Even though it’s not a rampant vulnerability, the 51% attack has been used to conquer some blockchains. Shift and Krypton, two ethereum-based blockchains suffered 51% attacks and were asked to pay the ransom by the 51 Crew, the group that hijacked the projects. Though the two projects didn’t pay the ransom, they were hit hard, with Krypton now defunct.

Bitcoin Gold is another project that suffered a 51% attack in May this year. Attackers were able to make away with over $18 million worth of the then 26th largest cryptocurrency. These malicious entities controlled large portions of the cryptocurrency’s hash power, allowing them to engage in double spending for a few days.

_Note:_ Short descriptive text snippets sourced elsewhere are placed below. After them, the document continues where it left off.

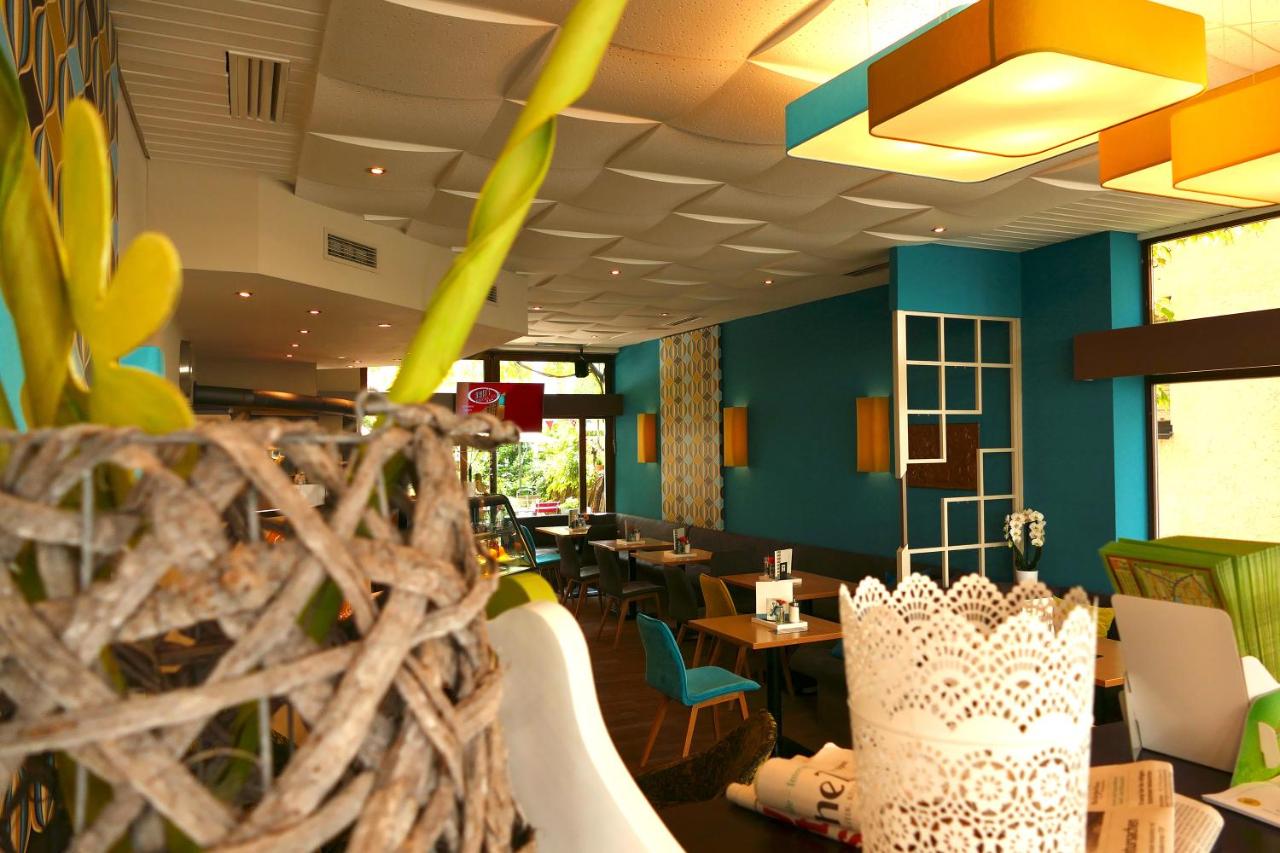 Hasi's Hotel Caf? - Germany - Munich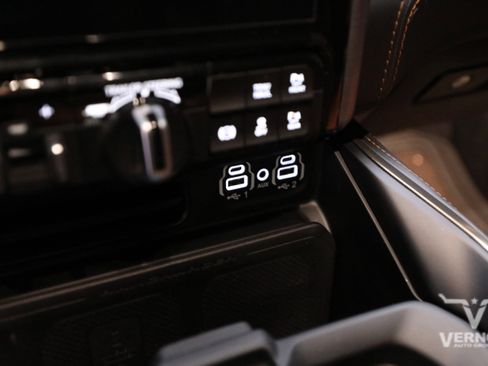 Used 2024 RAM 2500 Limited w/ Safety Group image 22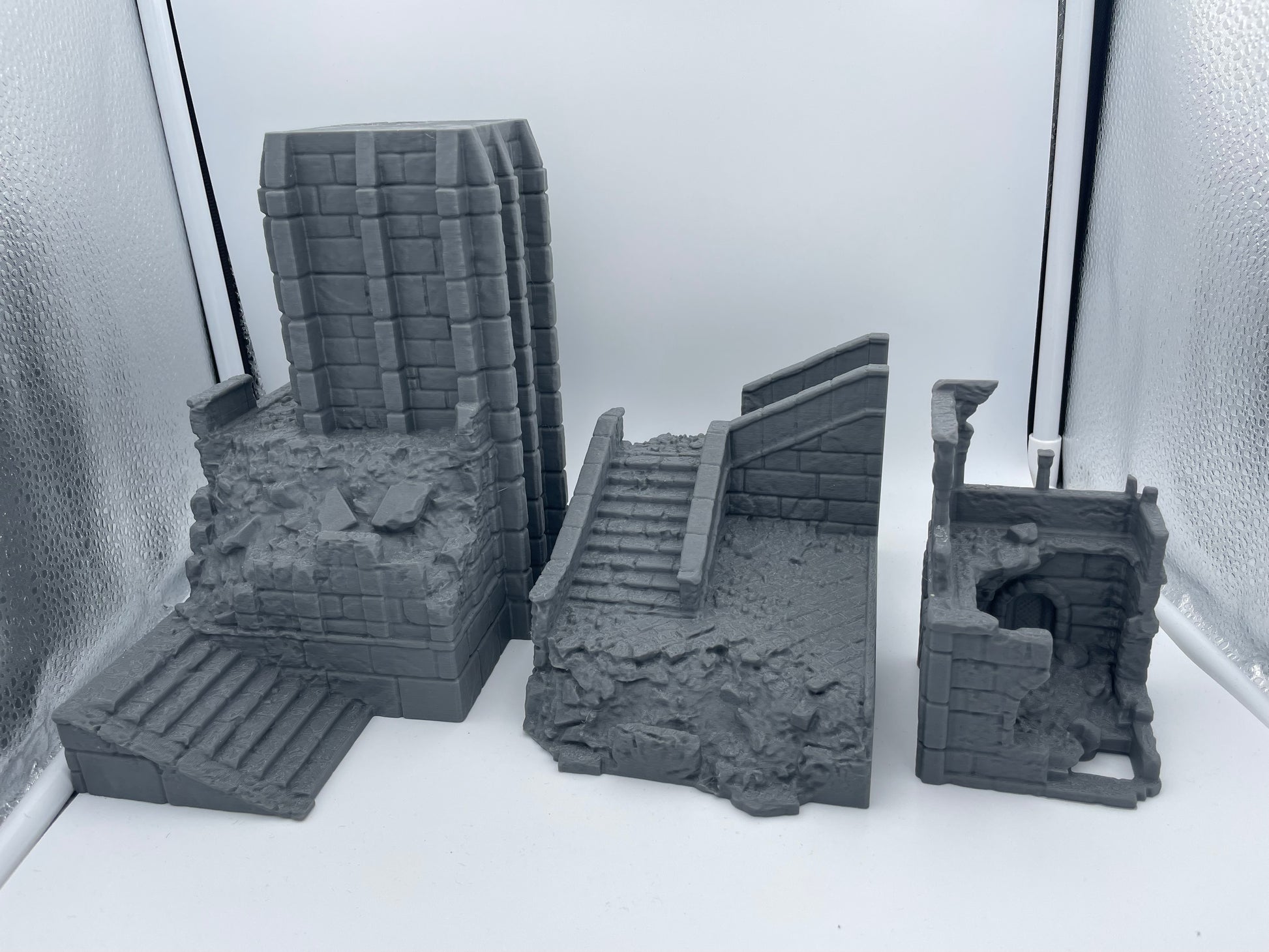 Product photo Tabletop 28mm The Printing Goes Ever On (TPGEO) 0: Ruined medieval tower - Remains of military building - Destroyed outpost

Interestingly, a different form of the 51% attack occurred in April 2018 on the Verge (XVG) blockchain. Though this case wasn’t explicitly linked to using a lot of computing power to attack the system, the malicious actors discovered a programming bug that allowed them to produce massive layers of new blocks at a fast pace.  Within a short period, they were able to create a lengthy form of the Verge network.


Bringing It All Together

It is clear that the blockchain is not immune to vulnerabilities, at least for now. And since the ecosystem is still young and growing, it is only a matter of time for excellent and innovative solutions to crop up. For now, it’s clear that the 51% attack could happen to any blockchain though networks like bitcoin haven’t suffered this form of attack, other smaller blockchains have been hit.

The principles governing cryptocurrency mining and transaction verification depicts that it is challenging to rely on majority attack to penetrate public blockchains with colossal hashing power and a globally large blockchain network – an example is Bitcoin. On the other hand, blockchains that have smaller hashing power and also do not have huge, globally dispersed computing nodes are easily prone to the 51% attack.

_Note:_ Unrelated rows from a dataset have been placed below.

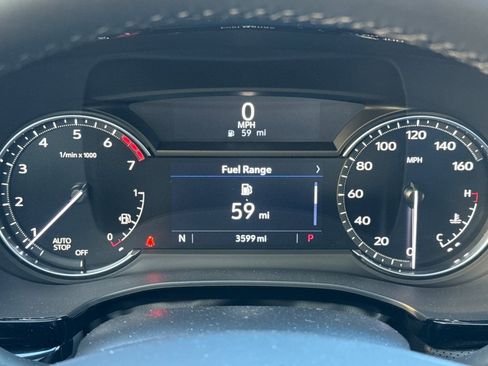 Used 2025 Cadillac XT6 Luxury image 36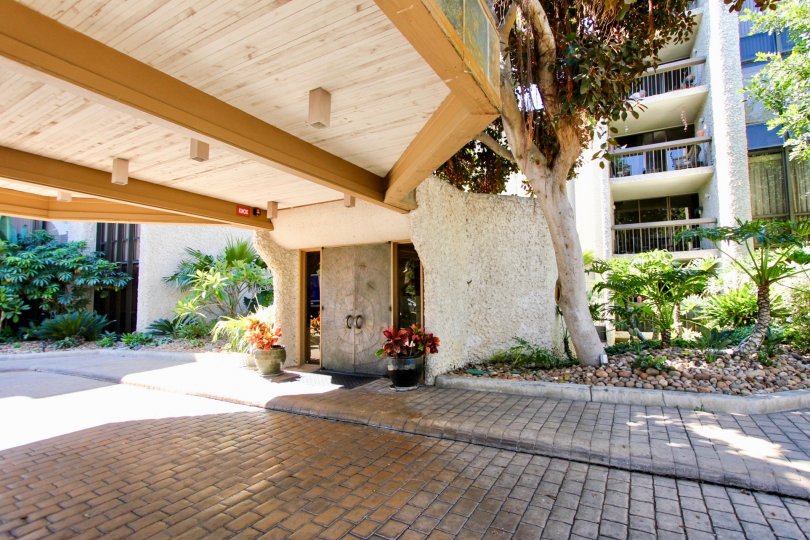 Front walking area and entry way of Bay Scene, Pacific Beach, CA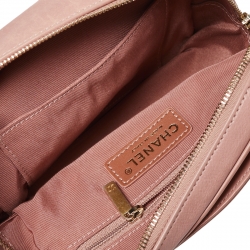 مملوكة مسبقًا Chanel Blush Pink Quilted Leather Small Vanity Case Bag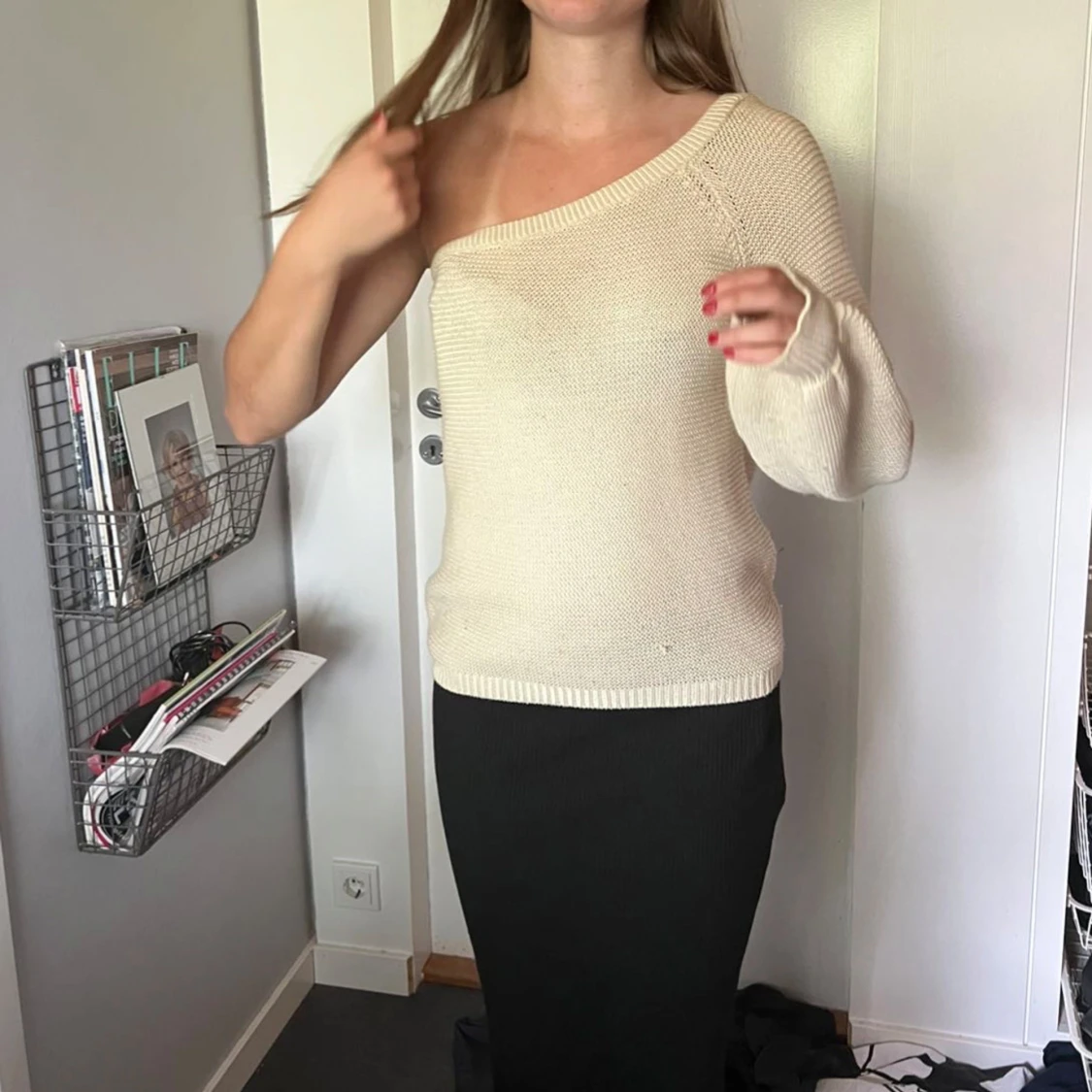 Beige stickad oneshoulder-tröja - 1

The future of blockchain and the 51% attack

Though this form of attack is feasible and has happened to many blockchains, this vulnerability is sometimes overstated. The mining power, the hardware needed, the electricity, and the risks of covering one’s tracks are not easy to overcome. In essence, it shows that highly decentralized systems will have much advantage in preventing a 51% attack than less decentralized ecosystems.

The blockchain’s decentralization, distribution, and immutability features are changing the way we view value, trust, governance, and business processes. As time goes on, these entities, coming together, will help find a solution for the majority attack problem.  Though it isn’t likely to hit large blockchain ecosystems, it doesn’t hurt to be careful.